August 1857-June 1858

The Collected Letters, Volume 33


TC TO JOHN FORSTER ; 17 June 1858; DOI: 10.1215/lt-18580617-TC-JF-01; CL 33: 241-243


Chelsea, 17 june, 1858—

Dear Forster,

Somehow I will see you before I go; but, alas, that beautiful plan cannot take effect. We are (on old promise, and after about 20 refusals) bound for the country1 from Saturday till monday:—country air is good; but the truth is, I am perfectly ruined by the heat and etceteras now summing themselves up; and all power of voluntary motion has as it were forsaken me. It is evident I shall not get away on monday: I will make an attempt on Montague Square2 again before departure.— As to the Chapman question, I assure myself that you are completely master of that already; and that you cannot go against my judgement in it while you follow your own.

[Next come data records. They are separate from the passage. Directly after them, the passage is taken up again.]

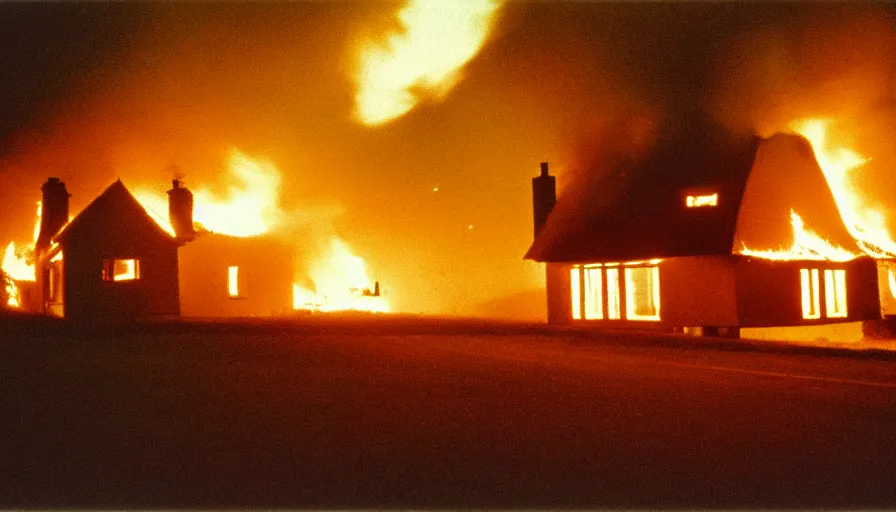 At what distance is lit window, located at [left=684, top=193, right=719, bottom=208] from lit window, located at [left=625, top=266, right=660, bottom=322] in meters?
2.07

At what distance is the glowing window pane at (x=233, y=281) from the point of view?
34250 mm

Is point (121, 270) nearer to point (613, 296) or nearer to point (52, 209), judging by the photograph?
point (52, 209)

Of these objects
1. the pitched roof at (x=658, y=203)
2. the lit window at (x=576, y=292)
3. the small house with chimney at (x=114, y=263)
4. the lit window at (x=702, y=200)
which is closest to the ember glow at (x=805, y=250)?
the pitched roof at (x=658, y=203)

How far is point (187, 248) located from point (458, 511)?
30.2 metres

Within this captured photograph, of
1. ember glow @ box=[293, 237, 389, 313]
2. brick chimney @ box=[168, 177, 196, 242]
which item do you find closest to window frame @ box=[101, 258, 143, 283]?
brick chimney @ box=[168, 177, 196, 242]

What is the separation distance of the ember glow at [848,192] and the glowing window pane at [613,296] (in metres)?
6.88

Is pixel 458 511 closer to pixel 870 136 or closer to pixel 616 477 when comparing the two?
pixel 616 477

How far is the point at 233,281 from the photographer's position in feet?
113

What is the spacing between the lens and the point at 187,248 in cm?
3372

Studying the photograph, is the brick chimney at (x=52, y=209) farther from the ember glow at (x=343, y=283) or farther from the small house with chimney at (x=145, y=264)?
the ember glow at (x=343, y=283)

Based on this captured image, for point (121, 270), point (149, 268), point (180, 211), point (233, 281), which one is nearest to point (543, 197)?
point (233, 281)

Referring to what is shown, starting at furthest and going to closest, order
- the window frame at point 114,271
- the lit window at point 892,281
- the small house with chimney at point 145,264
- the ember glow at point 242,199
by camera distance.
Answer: the ember glow at point 242,199 < the window frame at point 114,271 < the small house with chimney at point 145,264 < the lit window at point 892,281

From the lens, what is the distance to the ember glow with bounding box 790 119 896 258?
2467 cm

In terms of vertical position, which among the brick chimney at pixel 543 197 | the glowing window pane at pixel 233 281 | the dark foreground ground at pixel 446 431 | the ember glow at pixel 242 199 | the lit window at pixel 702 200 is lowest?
the dark foreground ground at pixel 446 431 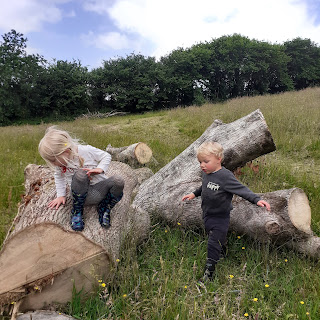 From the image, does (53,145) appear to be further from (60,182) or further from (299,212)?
(299,212)

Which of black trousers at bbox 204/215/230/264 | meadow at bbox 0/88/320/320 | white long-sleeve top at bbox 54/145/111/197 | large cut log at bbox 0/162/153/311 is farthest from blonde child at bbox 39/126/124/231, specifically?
black trousers at bbox 204/215/230/264

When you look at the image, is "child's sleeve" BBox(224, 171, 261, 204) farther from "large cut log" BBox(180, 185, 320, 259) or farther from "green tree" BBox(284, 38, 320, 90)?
"green tree" BBox(284, 38, 320, 90)

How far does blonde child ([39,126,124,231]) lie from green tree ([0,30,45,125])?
28913mm

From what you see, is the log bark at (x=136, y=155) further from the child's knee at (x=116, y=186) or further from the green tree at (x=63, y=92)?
the green tree at (x=63, y=92)

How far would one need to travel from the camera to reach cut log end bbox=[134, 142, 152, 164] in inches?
251

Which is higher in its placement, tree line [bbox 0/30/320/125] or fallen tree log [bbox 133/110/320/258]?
tree line [bbox 0/30/320/125]

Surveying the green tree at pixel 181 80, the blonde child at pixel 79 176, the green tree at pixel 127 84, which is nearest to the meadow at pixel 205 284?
the blonde child at pixel 79 176

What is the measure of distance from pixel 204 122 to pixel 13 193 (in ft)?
26.3

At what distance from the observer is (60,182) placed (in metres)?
2.80

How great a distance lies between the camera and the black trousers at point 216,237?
2.79 metres

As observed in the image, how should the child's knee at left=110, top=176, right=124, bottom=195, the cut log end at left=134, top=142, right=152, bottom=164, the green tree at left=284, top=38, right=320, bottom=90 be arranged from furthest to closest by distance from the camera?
the green tree at left=284, top=38, right=320, bottom=90, the cut log end at left=134, top=142, right=152, bottom=164, the child's knee at left=110, top=176, right=124, bottom=195

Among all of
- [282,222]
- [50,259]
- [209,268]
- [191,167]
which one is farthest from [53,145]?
[282,222]

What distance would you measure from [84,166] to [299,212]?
2.50m

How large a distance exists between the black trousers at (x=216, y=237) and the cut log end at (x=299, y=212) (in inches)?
30.7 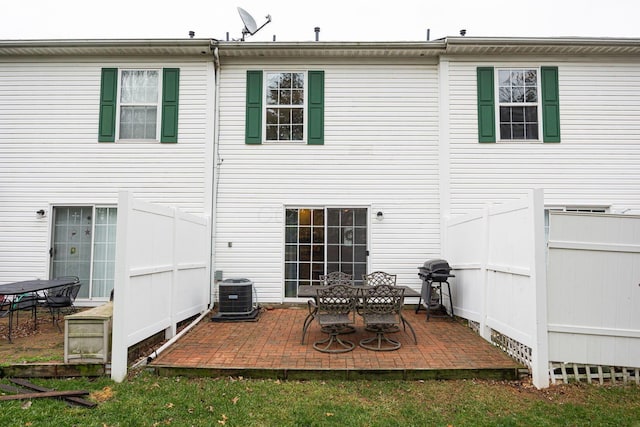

I am busy getting some settlement affected about my Horse,—he must be off my hands for a few weeks on Friday night at latest; and the question is multiplex, highly unfit for solution by the like of me at this juncture. Horse, and many other beggarly questions of a like nature:—and I am just out, half-alive, from the Slough of Despond,3 temperature 82° in the shade; Thames River with a Stink worse than Acheron;4 a gilt Old-Clothes man5 ruling the Empire of Britain; and Beelzebub, so to speak, doing his will on Earth, with a clear working majority,—less power to him!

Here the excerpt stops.